Single by Dave Dobbyn

from the album Available Light
- Released: 2 May 2005 (New Zealand)
- Recorded: 2005
- Genre: Rock
- Length: 3:51
- Label: Sony BMG
- Songwriter(s): Dave Dobbyn

Dave Dobbyn singles chronology
| "Beside You" (1999) | "Welcome Home" (2005) |  |

Music video
- "Welcome Home" at NZ On Screen

= Welcome Home (Dave Dobbyn song) =

"Welcome Home" is a single by New Zealand singer/songwriter Dave Dobbyn, released in 2005 from the album Available Light. The song reached number 10 on the New Zealand charts.

==Background==
Dobbyn was inspired to write the song after seeing Christchurch anti-racism protests and the sense of community that came through. The song was produced by Neil Finn.

==Track listing==

| No. | Title | Length |
|---|---|---|
| 1. | "Welcome Home" | 3:51 |
| 2. | "Rome" | 3:04 |
| 3. | "Welcome Home (instrumental)" | 3:51 |

==Music video==
The music video was directed by Tim Groenendaal. It intercuts scenes in black and white of Dobbyn walking through Auckland suburbs with colour vignettes of immigrants to New Zealand. It notably includes then asylum seeker Ahmed Zaoui, who was appealing a security certificate issued due to alleged links to terrorist groups.

The video finishes with written text on screen: "We come from everywhere. Speak Peace and Welcome Home. Dave."

==Awards==
"Welcome Home" was nominated for two awards at the 2005 New Zealand music awards.

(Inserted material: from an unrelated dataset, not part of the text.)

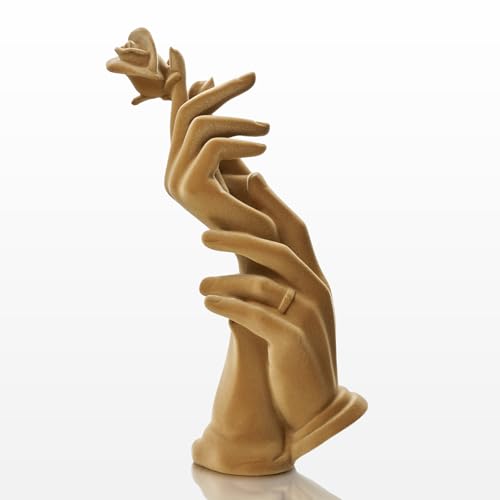 Romantic Couple Statue with Rose, Modern Love Figurine for Home Decor, Symbol of Love & Commitment, Anniversary Wedding Gift for Couples, Bedroom Living Room Shelf Decoration (Brown) - color: Hand Rose-brown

Dobbyn won 'Songwriter of the Year' for the song.

==Legacy==
Music critic Nick Bollinger praises the song for being intrinsically New Zealand and representing Dobbyn's "perfect New Zealand that we get a glimpse of sometimes". Fellow critic Russell Baillie suggests that "Welcome Home" "captured a mood in the country at the time".
Dobbyn performed the song at the funeral of former New Zealand Prime minister David Lange, and the 2006 New Zealand Memorial dedication ceremony in London. When Dobbyn performed the song at the 2005 New Zealand Music Awards awards ceremony, Ahmed Zaoui also appeared on stage.

==Certifications==

Certifications for "Welcome Home"
| Region | Certification | Certified units/sales |
| New Zealand (RMNZ) | 2× Platinum | 60,000^{‡} |
^{‡} Sales+streaming figures based on certification alone.